RECORDED DATA Block Start

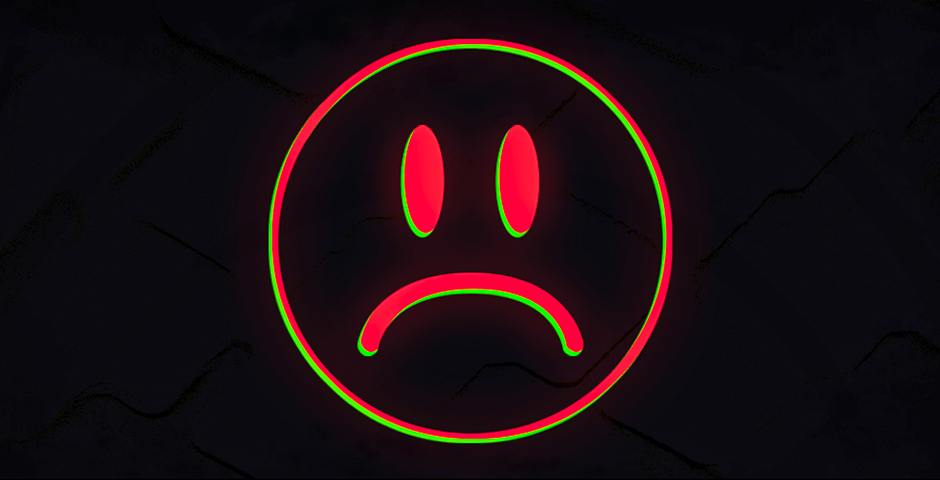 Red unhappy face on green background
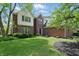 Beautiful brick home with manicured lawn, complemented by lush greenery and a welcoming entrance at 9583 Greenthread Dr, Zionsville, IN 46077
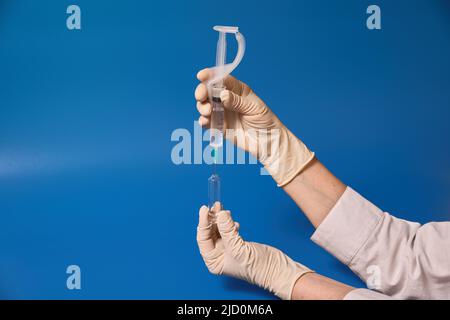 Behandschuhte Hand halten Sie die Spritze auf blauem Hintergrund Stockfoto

RECORDED DATA Block End
RECORDED DATA Block Start

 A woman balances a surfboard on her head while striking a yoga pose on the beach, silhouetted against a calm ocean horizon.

RECORDED DATA Block End

Print, word for word, the lines above that run from the line containing "Beautiful brick home" to the line containing "Behandschuhte Hand halten", both included. Keep the pictures out.

RESPONSE TO THE TASK —
 Beautiful brick home with manicured lawn, complemented by lush greenery and a welcoming entrance at 9583 Greenthread Dr, Zionsville, IN 46077
 Behandschuhte Hand halten Sie die Spritze auf blauem Hintergrund Stockfoto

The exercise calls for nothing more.